WHAT YOU WILL DO =
Among the entries below, only the lines from the one with "Honda Civic Prosmetic 2007 1" through the one with "Statue de Flore" are to be retyped, exactly and without pictures.

DATA SECTION =
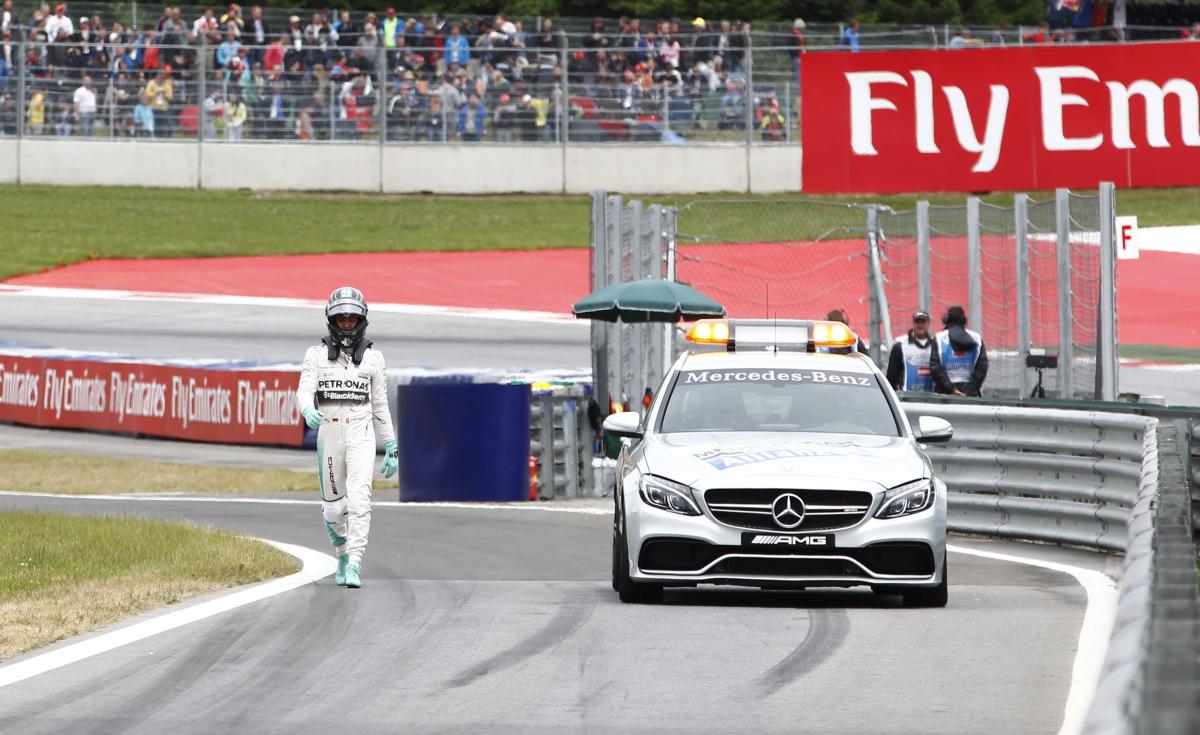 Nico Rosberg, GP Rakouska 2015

--

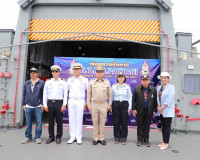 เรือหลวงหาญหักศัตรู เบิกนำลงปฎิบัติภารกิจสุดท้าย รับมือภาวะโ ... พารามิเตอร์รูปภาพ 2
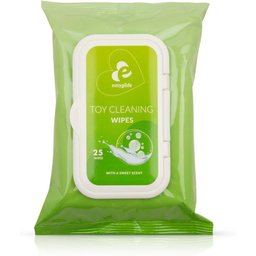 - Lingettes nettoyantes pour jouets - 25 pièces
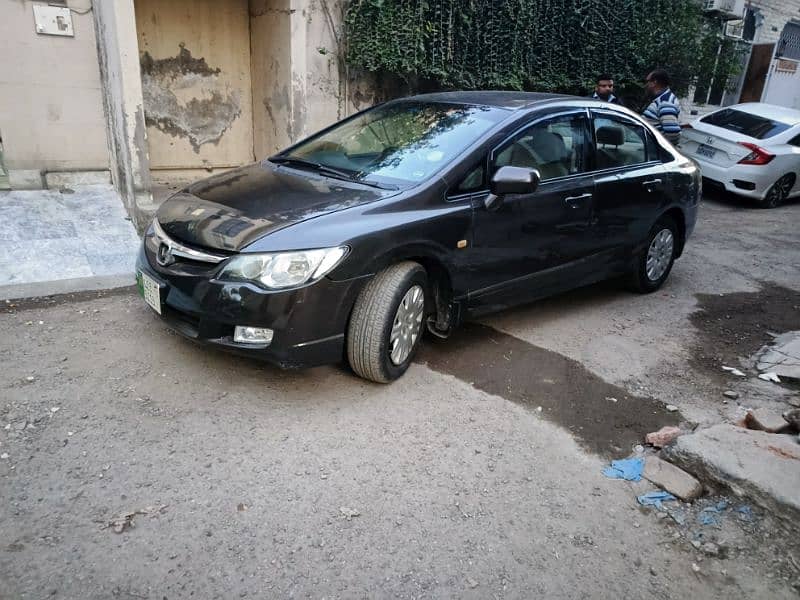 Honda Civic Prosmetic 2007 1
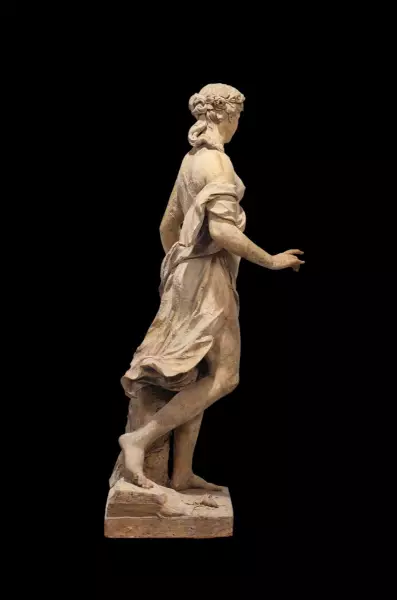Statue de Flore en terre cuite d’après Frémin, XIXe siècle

SOLUTION TO THIS TASK =
 Honda Civic Prosmetic 2007 1
Statue de Flore en terre cuite d’après Frémin, XIXe siècle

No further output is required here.